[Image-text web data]
☆ ☆ ☆
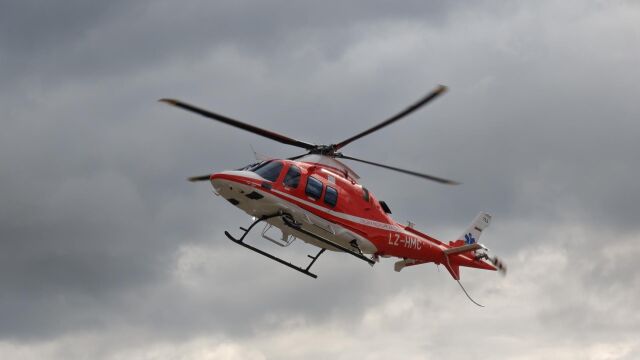 Снимка: Младеж колабира на ски писта в Банско, транспортиран е до болница с медицински хеликоптер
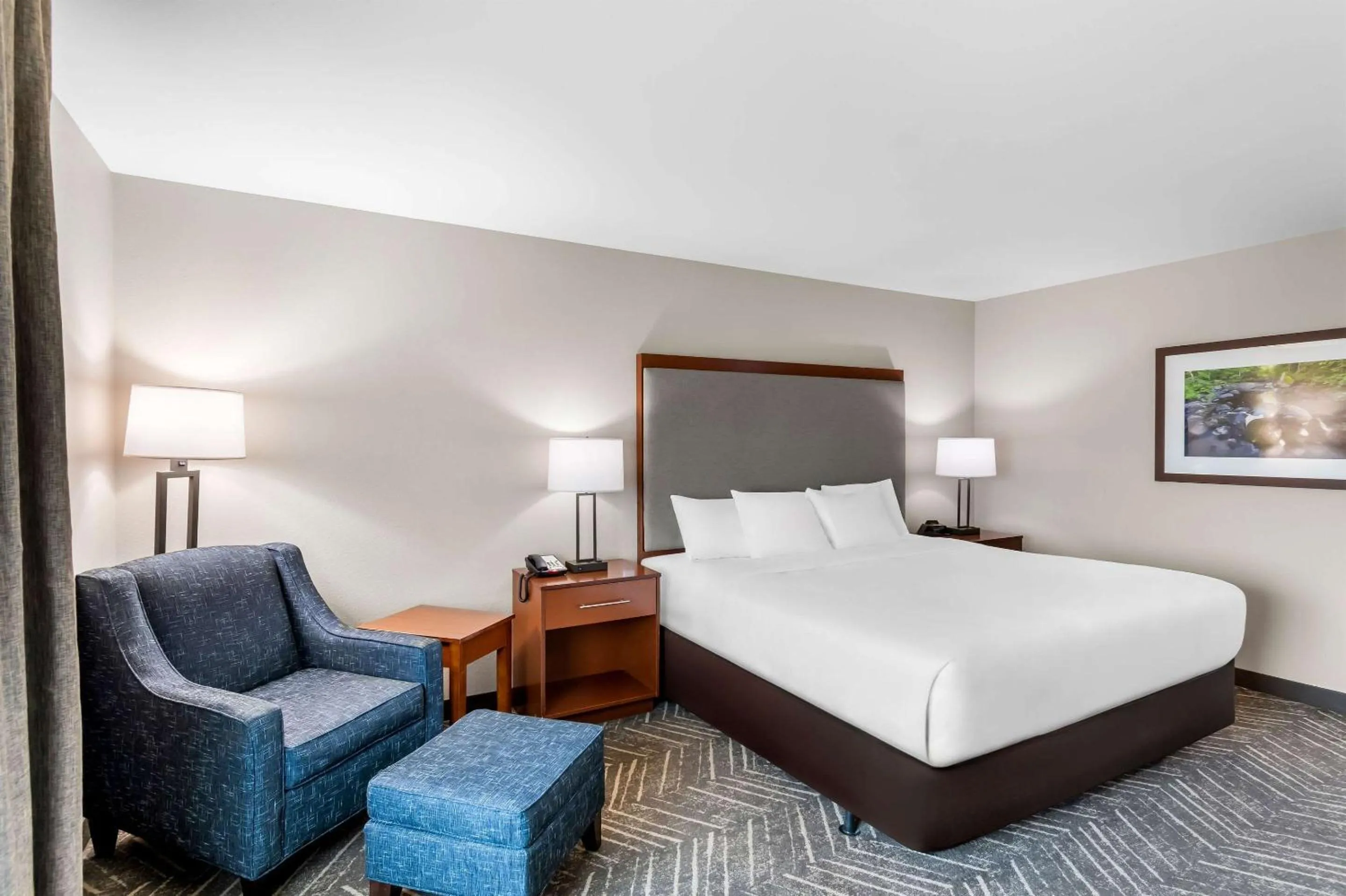 Bedroom, Bed in Comfort Inn & Suites Mountain Iron and Virginia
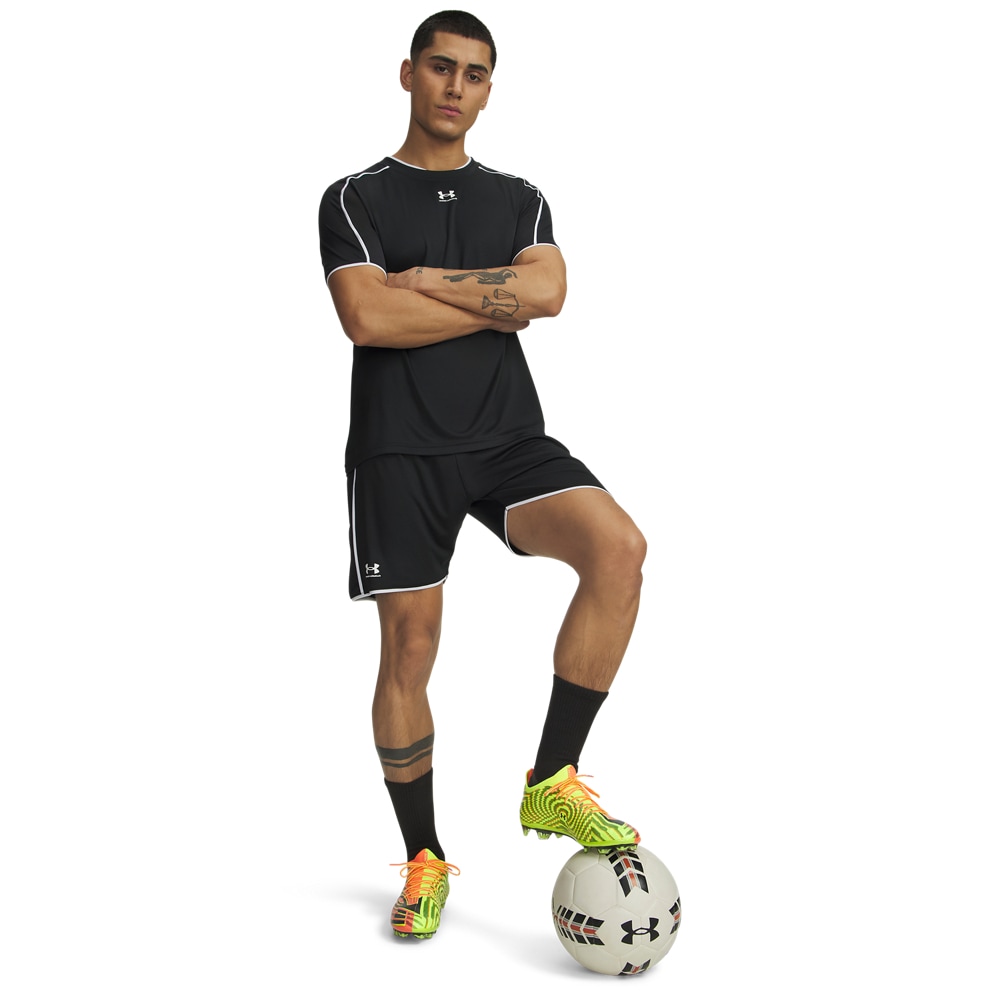 Under Armour® Short d'entraînement »UA M CHALLENGER TRAIN SHORT«  für vielseitige Aktivitäten, leichtes Material, Sportmode-Design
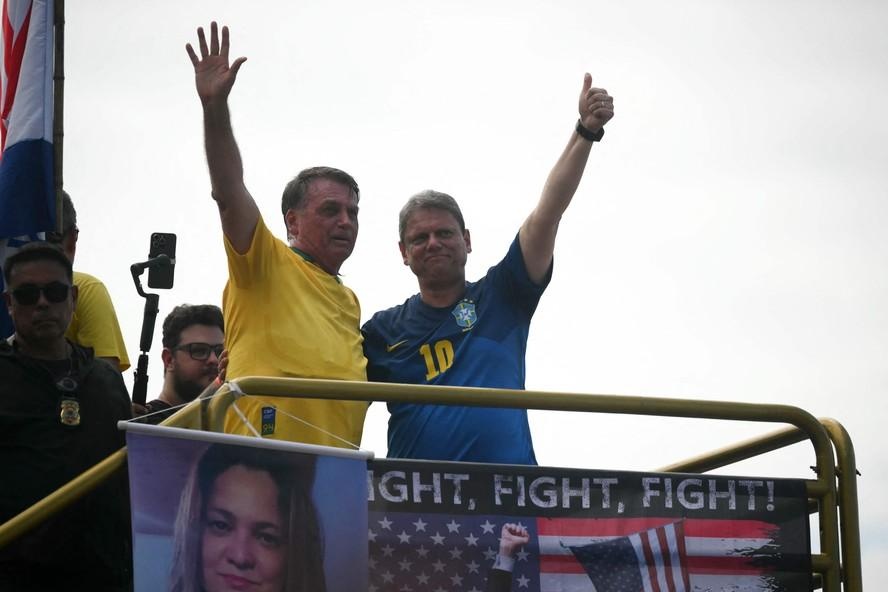 O governador Tarcísio de Freitas (Republicanos) ao lado do ex-presidente Jair Bolsonaro (PL) em ato em Copacabana.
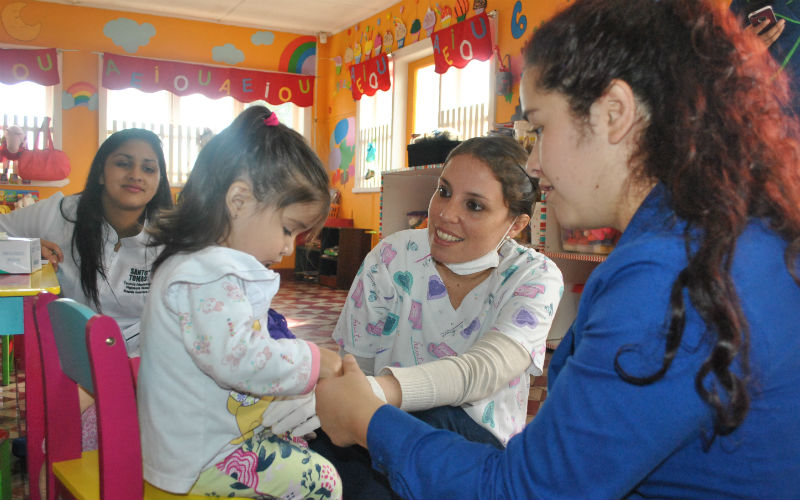 Santo Tomás realizó evaluación dental gratuita a preescolares osornina
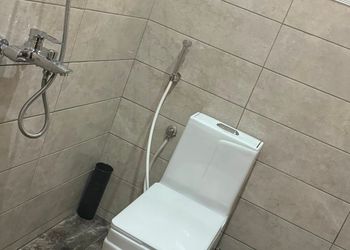 شاليه بجلسة خارجية واطلالة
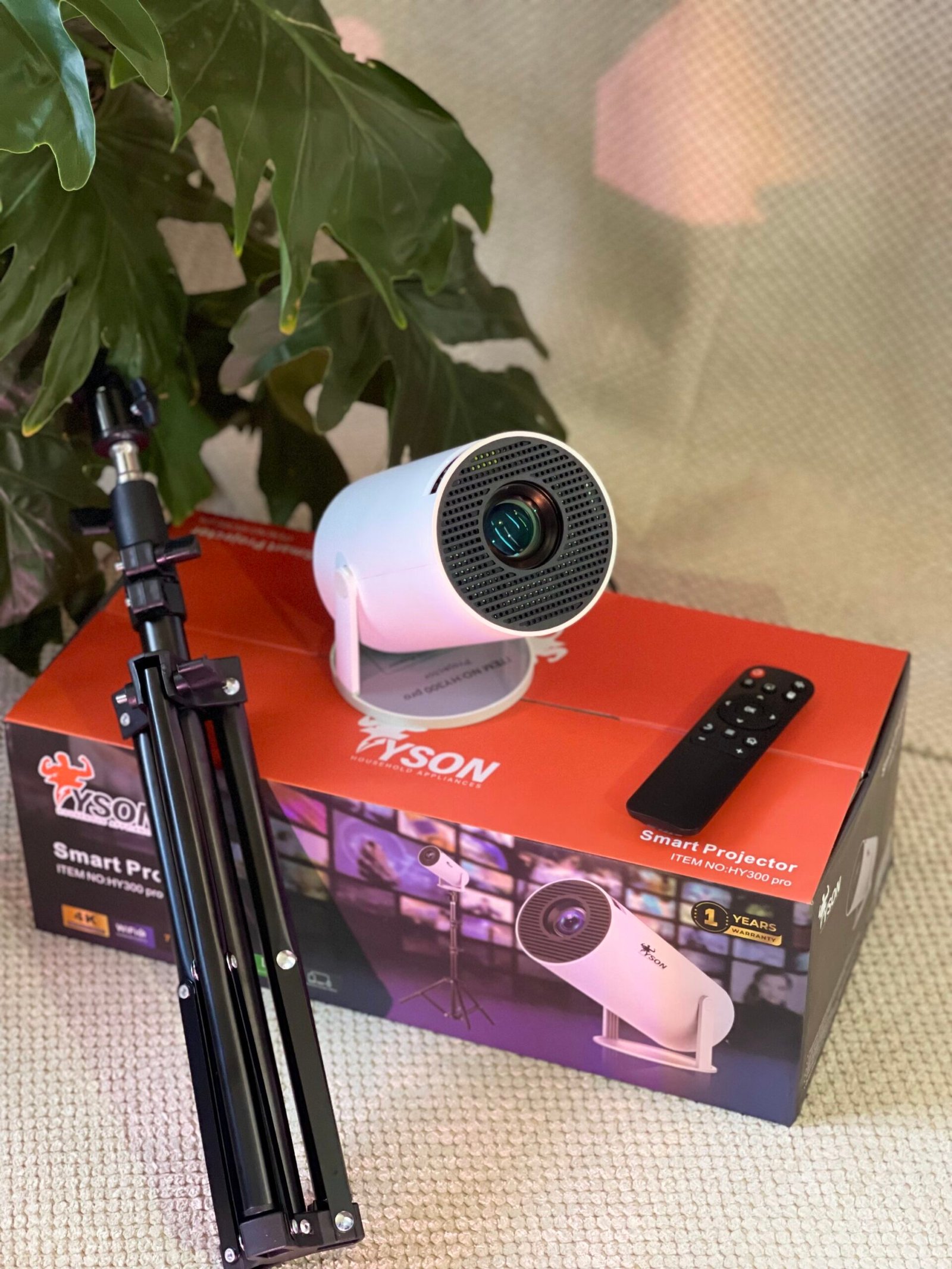 بروجكتر مع ستاند الاصلي - الصورة 3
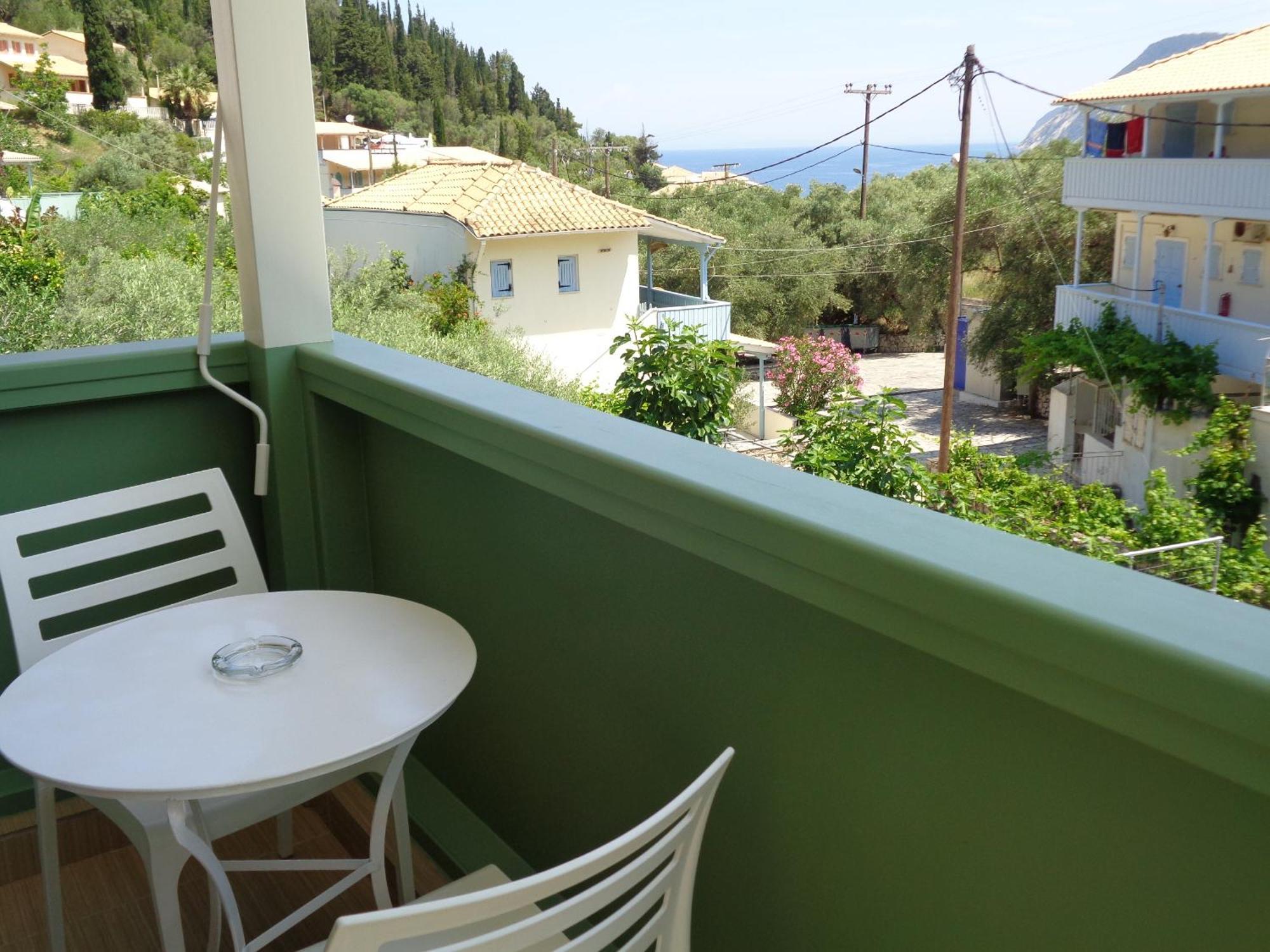Green View Apartments Áyios Nikítas Екстериор снимка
☆ ☆ ☆
- _Work request_
Copy the entries above exactly from the line with "Santo Tomás realizó" down to their last line, both ends included. Do not copy any pictures.

- _Exercise result_
 Santo Tomás realizó evaluación dental gratuita a preescolares osornina
 شاليه بجلسة خارجية واطلالة
 بروجكتر مع ستاند الاصلي - الصورة 3
Green View Apartments Áyios Nikítas Екстериор снимка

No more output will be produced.